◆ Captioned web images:

>>>>>

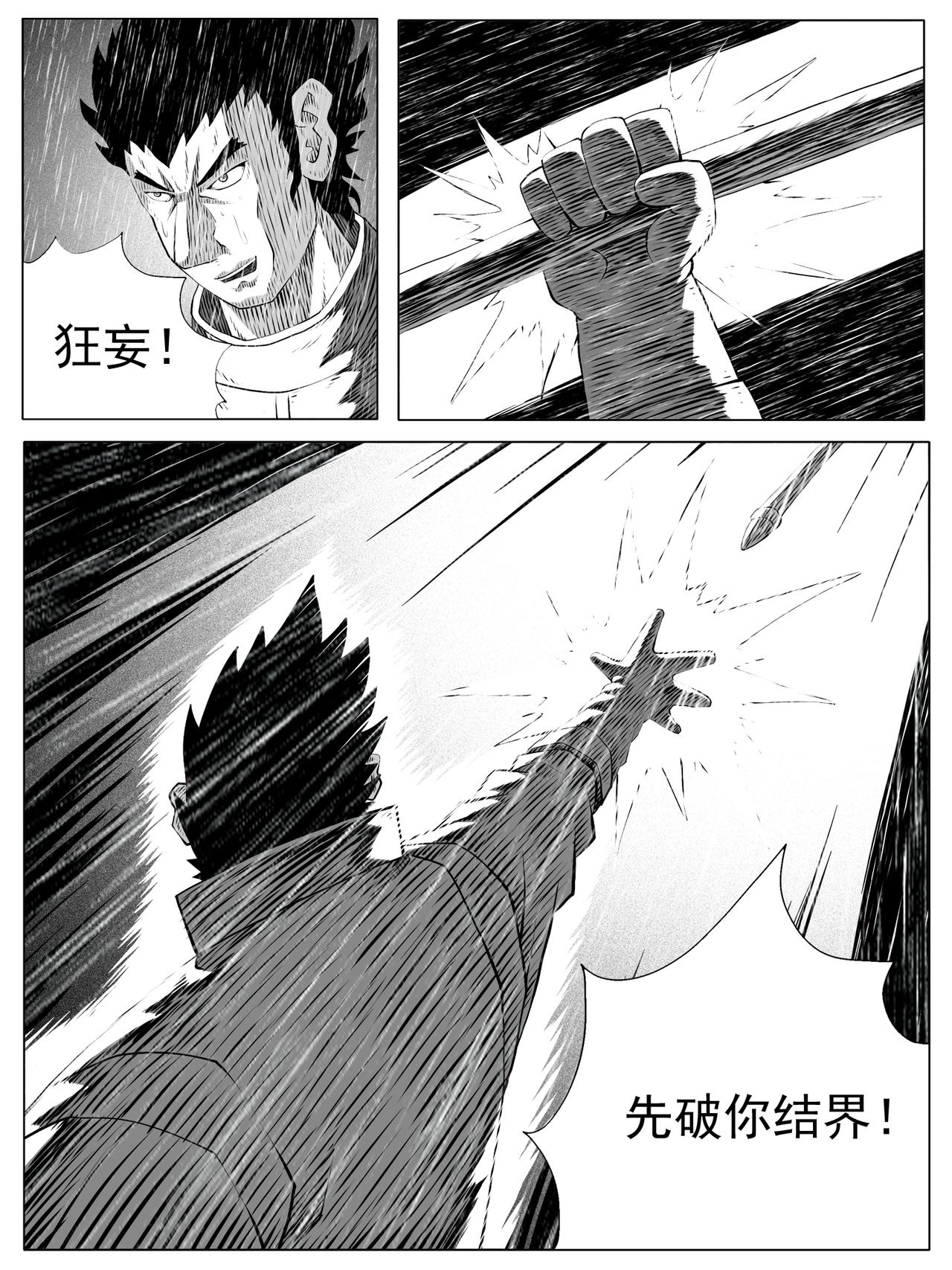 🍚修仙功成不必在我 第148回 第12页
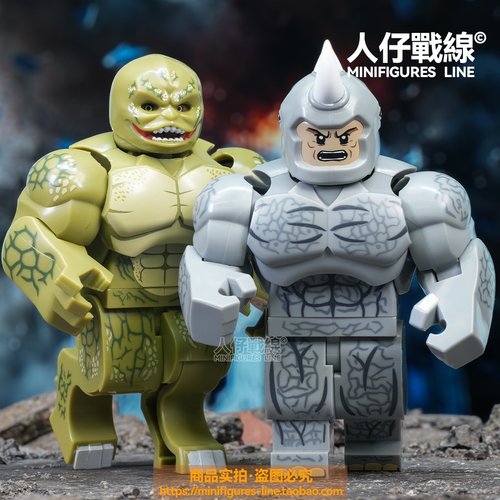 超级英雄浩克蜥蜴人丧尸憎恶漫威第三方可动关节积木人仔拼装玩具
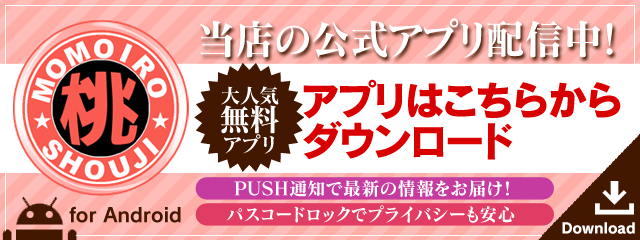 新着情報｜熊谷手コキ「もも色商事」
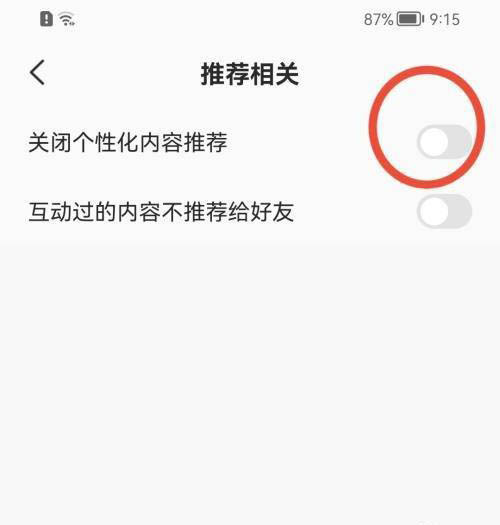 全民K歌个性化内容怎样关闭推送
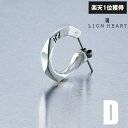 ライオンハート クロッシング ピアス シティポップ シルバー925 TYPE D Plastic love 片耳用 1点売り メンズ ブランド LION HEART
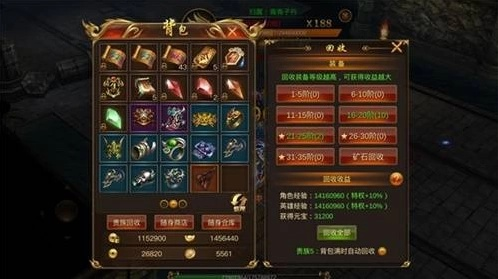 别再乱花元宝！传奇归来礼包全解析，手把手教你薅羊毛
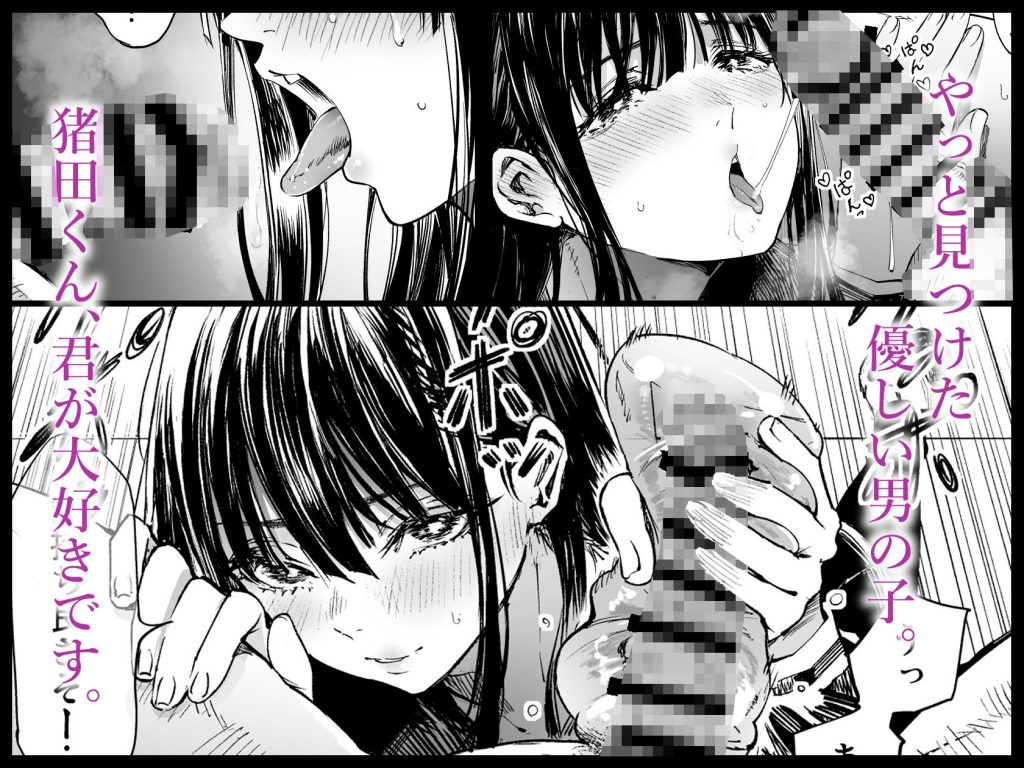 ふたりが幸せになっていく姿を見るくらいなら死んだほうがいい。208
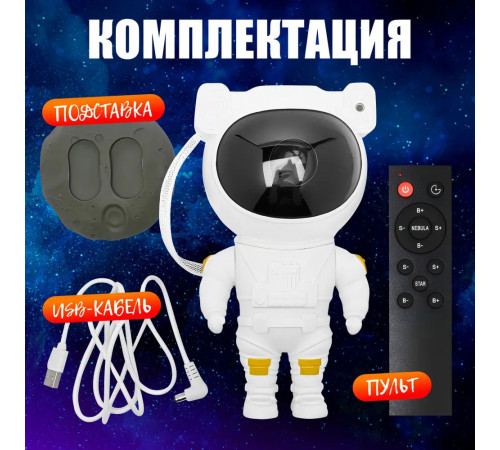 Лазерний usb проектор зоряне небо, Лазерний проектор для створення зоряного неба, Зоряне небо галактики OE-34 за 589 грн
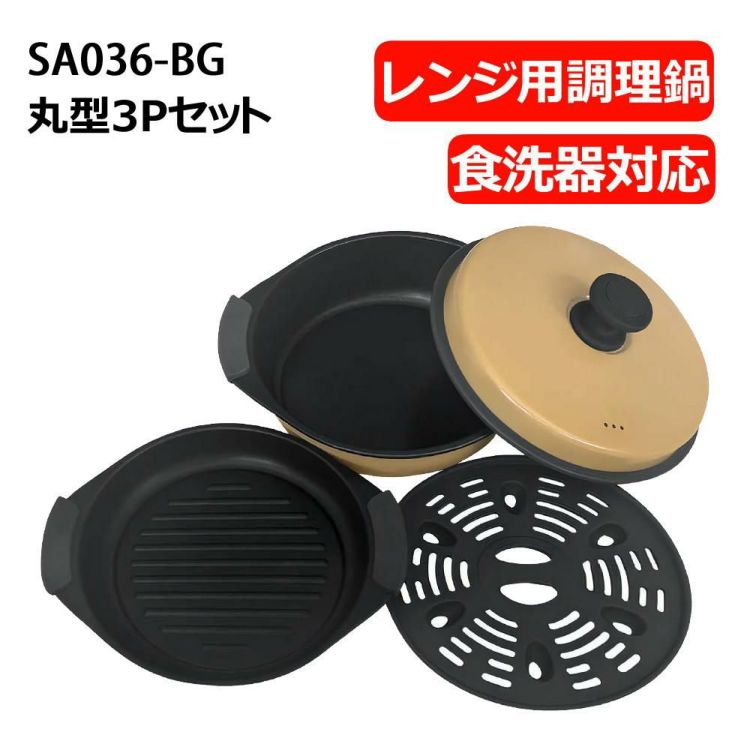 サクセスアジア レンジクッキング 電子レンジ調理用品 食洗機対応 丸型3Pセット鍋 SA036-BG ベージュ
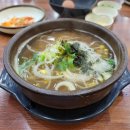 삼백스파 이미지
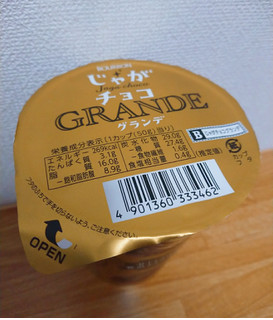 「ブルボン じゃがチョコ グランデ カップ50g」のクチコミ画像 by レビュアーさん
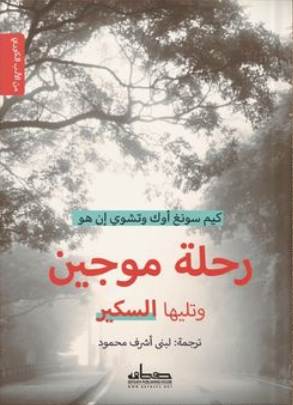رحلة موجين وتليها السكير (Paperback)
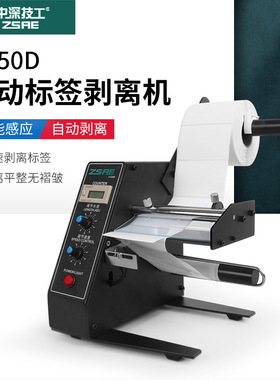 ZSAE1150D机自动标签机平整自动计数电子控制出标精准可单排/双排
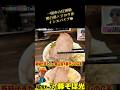 一関市の反則級鶏白湯×二郎系インスパイア！❷#おすすめ #ラーメン二郎 #鶏白湯 #行列 #豚そば光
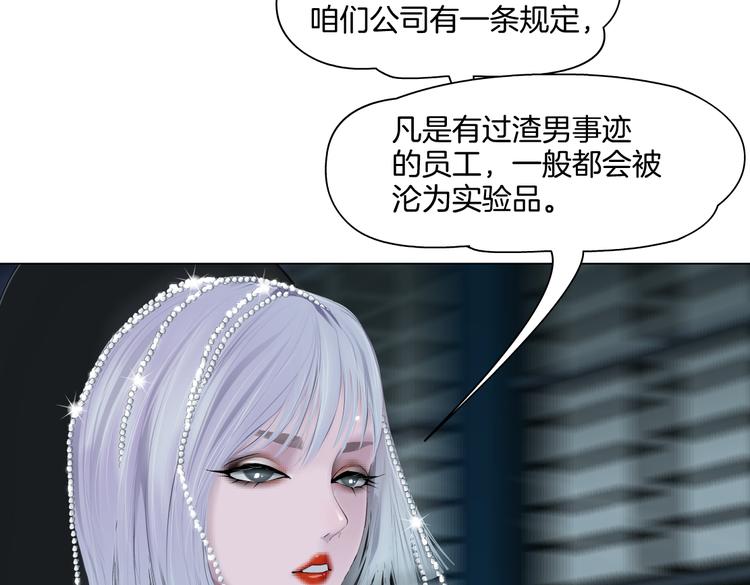 第18话 别怕，有我在！18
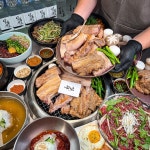 진안생숯불구이 당산본점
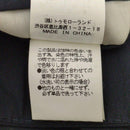 Tomorrowland Tailored Jacket 44 S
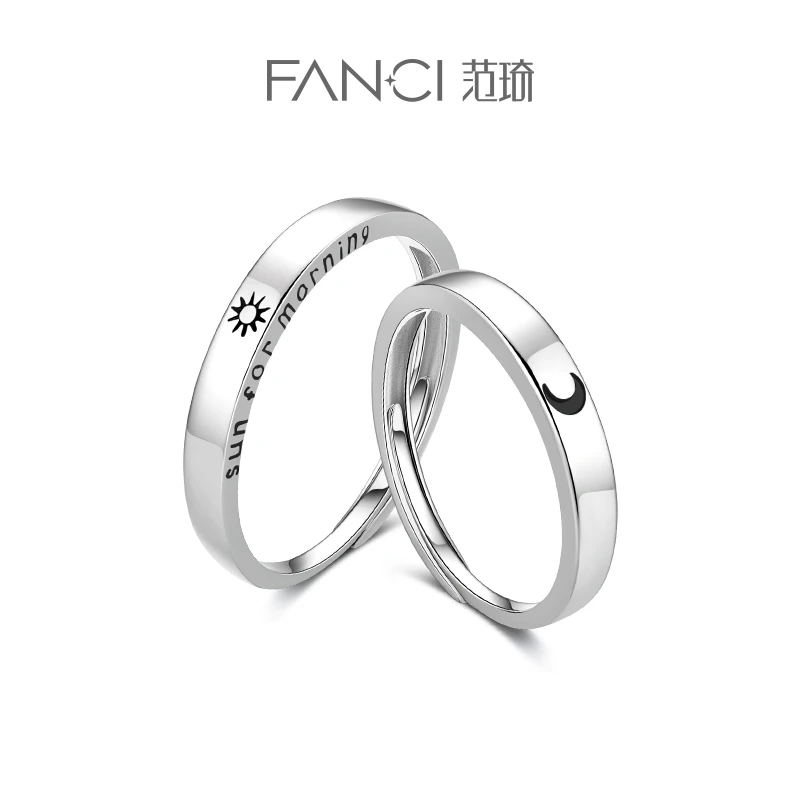 FANCI/范琦 925银戒指 朝暮对戒 情侣素戒素圈轻奢生日礼物送女友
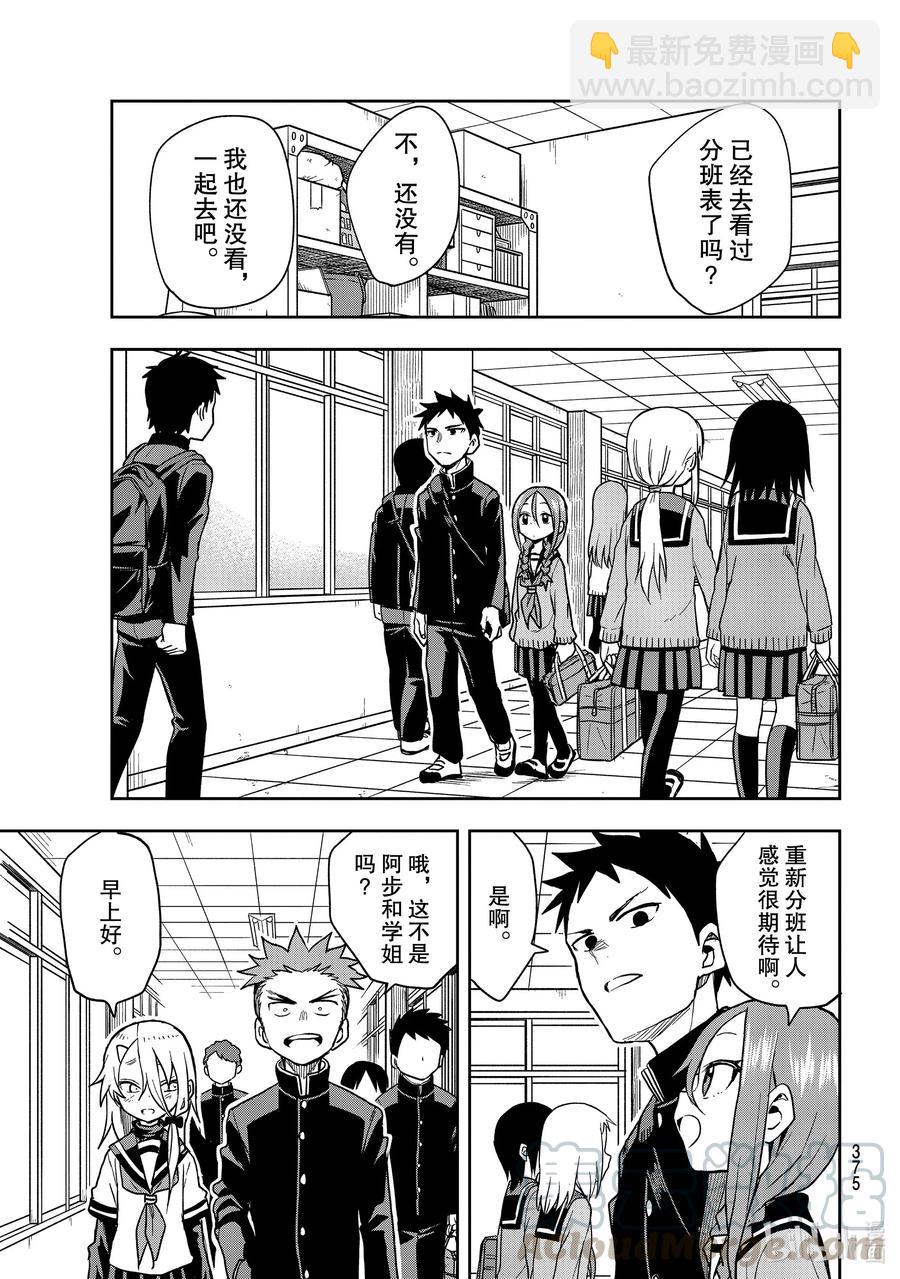 《就算这样，“步”还是靠了过来》68 第68局 第3页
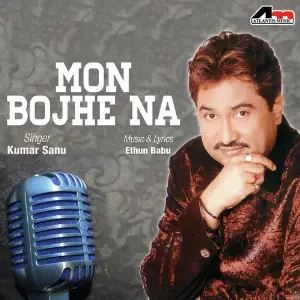 Mon Bojhe Na image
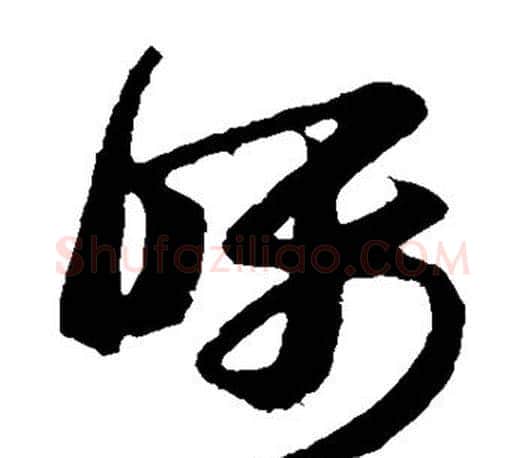 嘱字王羲之毛笔草书写法,摘自王羲之毛笔草书作品
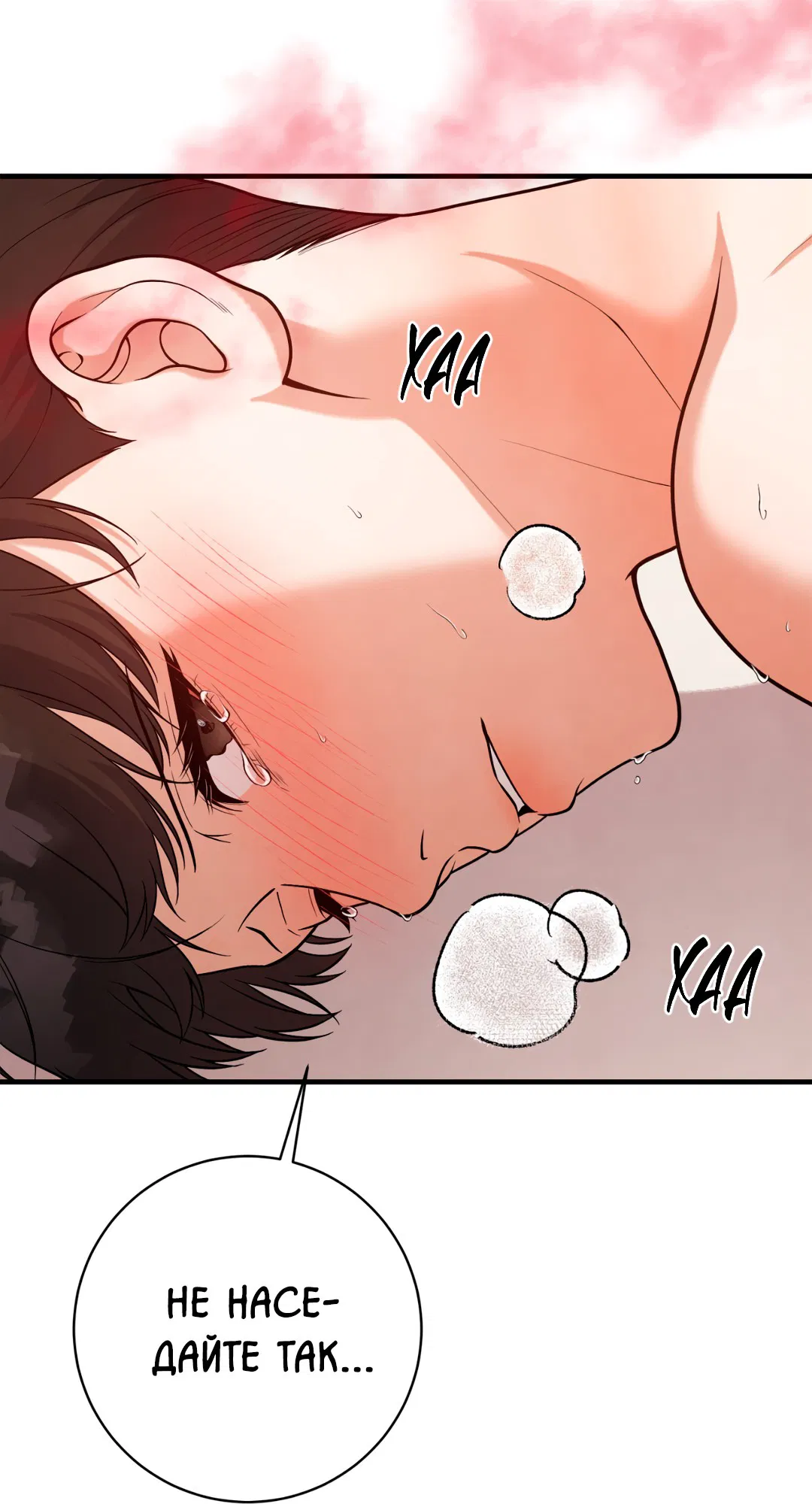 Манга Знакомый вкус - Глава 15 Страница 45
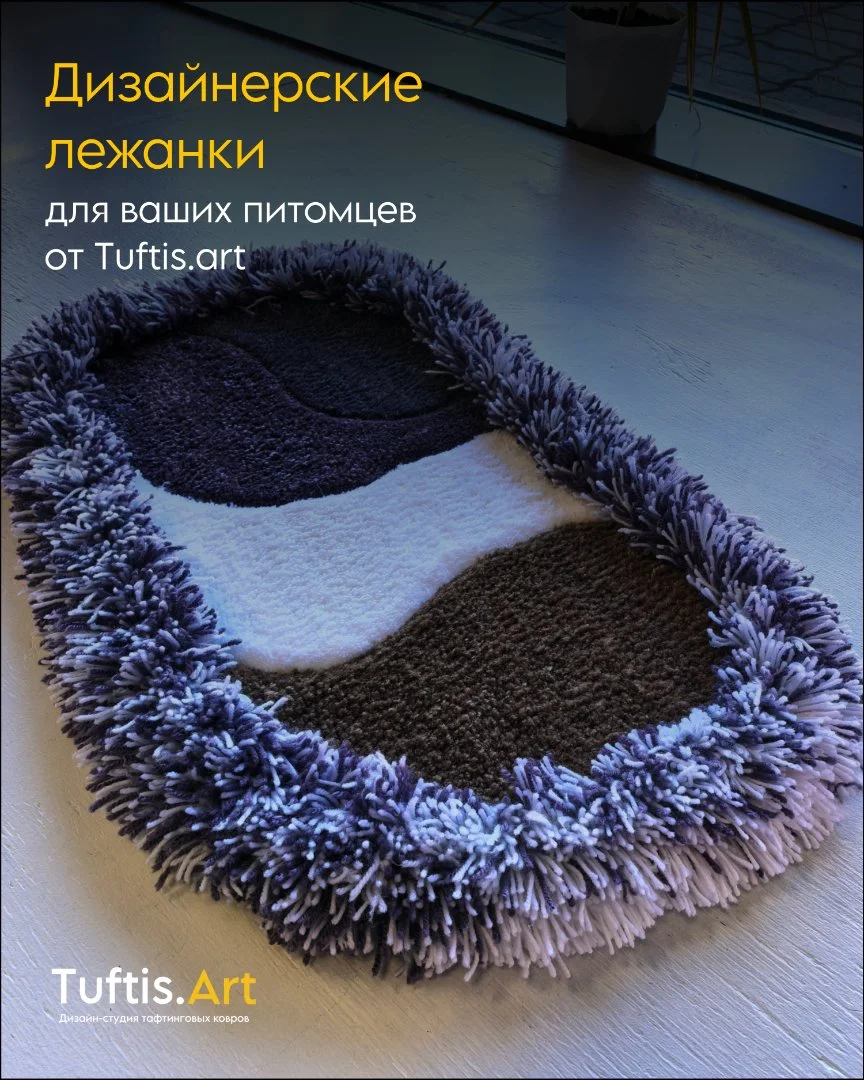 Дизайнерская лежанка для питомцев - миниатюра 7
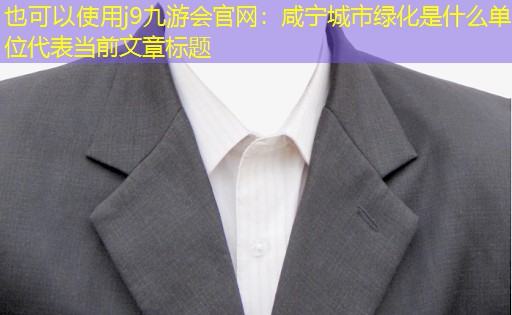咸宁城市绿化是什么单位 咸宁城市绿化是什么单位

<<<<<

◆ THE TASK: Set down exactly the lines of the entries above from the one holding "ふたりが幸せになっていく姿を見るくらいなら死んだほうがいい。208" through the last one, including both, with the pictures left out.

◆ OUTPUT BELOW:
 ふたりが幸せになっていく姿を見るくらいなら死んだほうがいい。208
 Лазерний usb проектор зоряне небо, Лазерний проектор для створення зоряного неба, Зоряне небо галактики OE-34 за 589 грн
 サクセスアジア レンジクッキング 電子レンジ調理用品 食洗機対応 丸型3Pセット鍋 SA036-BG ベージュ
 삼백스파 이미지
 「ブルボン じゃがチョコ グランデ カップ50g」のクチコミ画像 by レビュアーさん
رحلة موجين وتليها السكير (Paperback)
 ZSAE1150D机自动标签机平整自动计数电子控制出标精准可单排/双排
 一関市の反則級鶏白湯×二郎系インスパイア！❷#おすすめ #ラーメン二郎 #鶏白湯 #行列 #豚そば光
 第18话 别怕，有我在！18
 진안생숯불구이 당산본점
 Tomorrowland Tailored Jacket 44 S
 FANCI/范琦 925银戒指 朝暮对戒 情侣素戒素圈轻奢生日礼物送女友
 《就算这样，“步”还是靠了过来》68 第68局 第3页
 Mon Bojhe Na image
 嘱字王羲之毛笔草书写法,摘自王羲之毛笔草书作品
 Манга Знакомый вкус - Глава 15 Страница 45
 Дизайнерская лежанка для питомцев - миниатюра 7
咸宁城市绿化是什么单位 咸宁城市绿化是什么单位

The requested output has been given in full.